ACTIVITY: When the records are reproduced, each one must match exactly, and no picture may be kept.

Scraped caption text data

◆ ◆ ◆ ◆

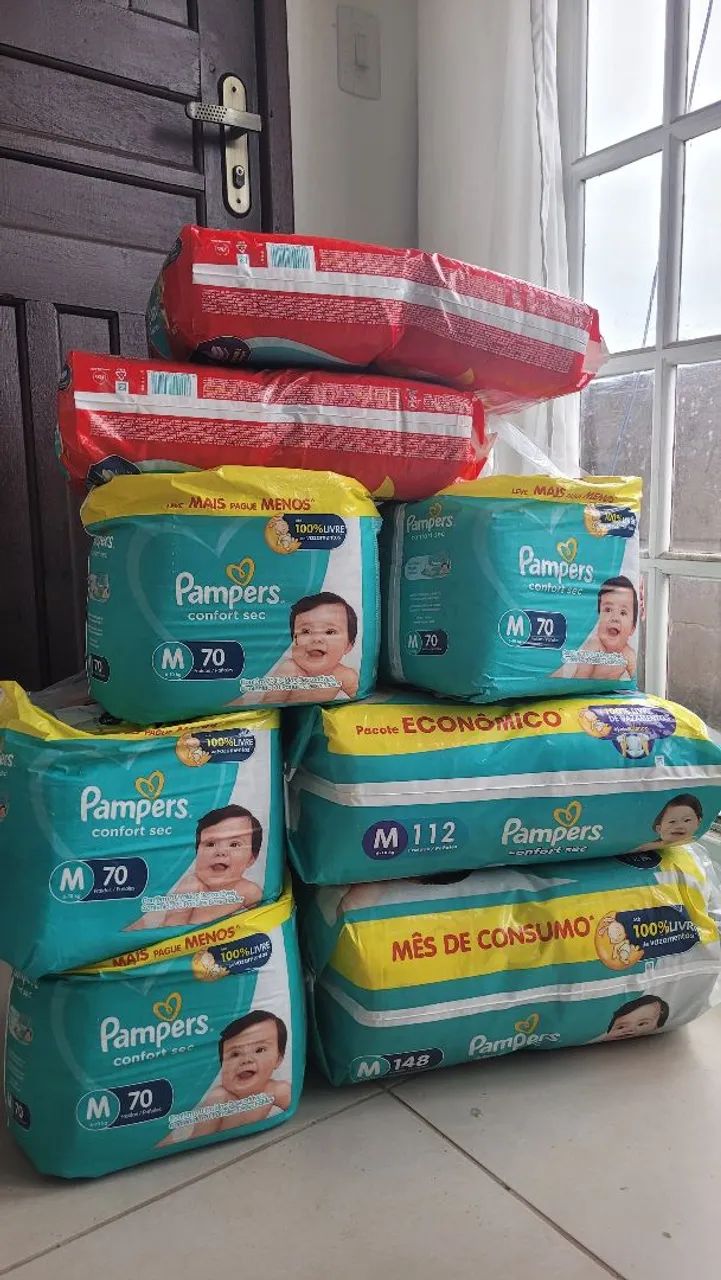 Vendo ou troco Fraldas Pampers M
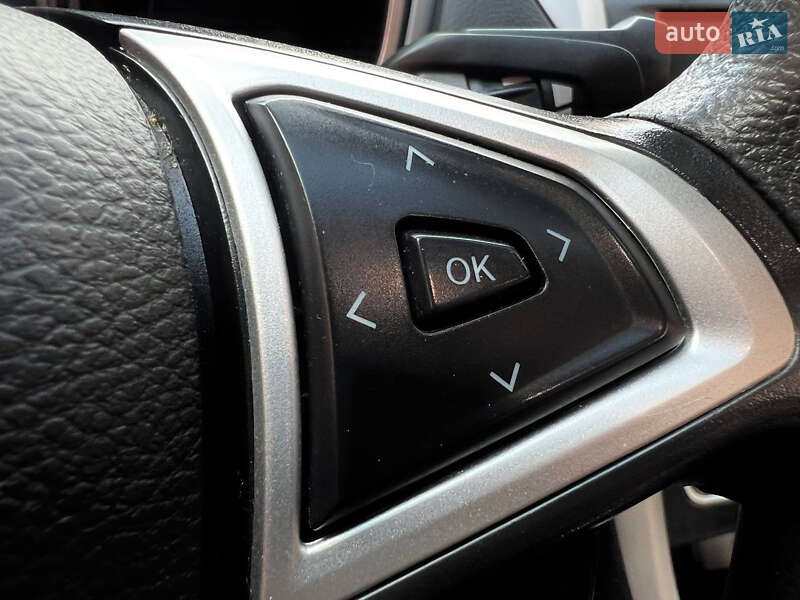 Седан Ford Fusion 2015 в Виннице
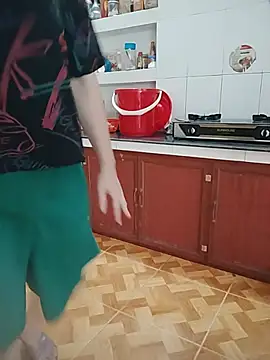 Czat XXX na żywo – LiilyZi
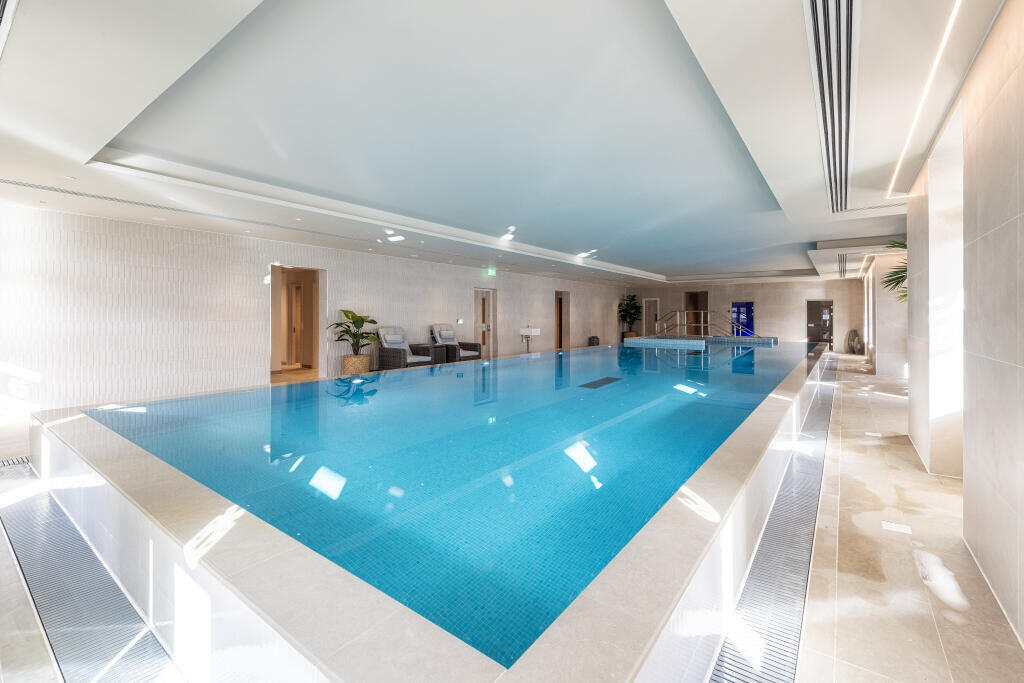 Burchmore House, Caddington - View 6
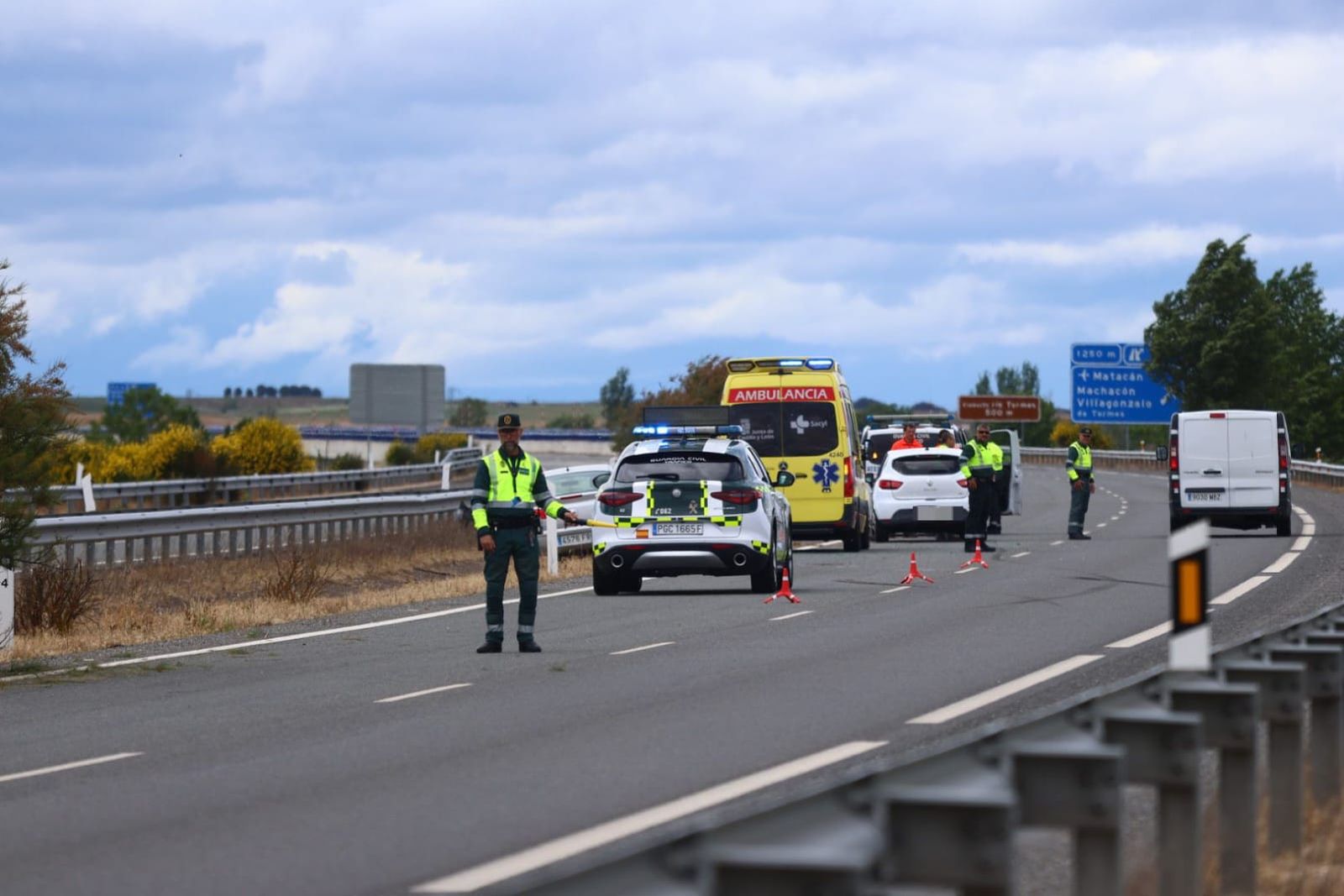 Aparatosa colisión entre dos coches en la A-50, sentido Salamanaca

◆ ◆ ◆ ◆

RESPONSE TO THE TASK:
 Vendo ou troco Fraldas Pampers M
 Седан Ford Fusion 2015 в Виннице
 Czat XXX na żywo – LiilyZi
 Burchmore House, Caddington - View 6
 Aparatosa colisión entre dos coches en la A-50, sentido Salamanaca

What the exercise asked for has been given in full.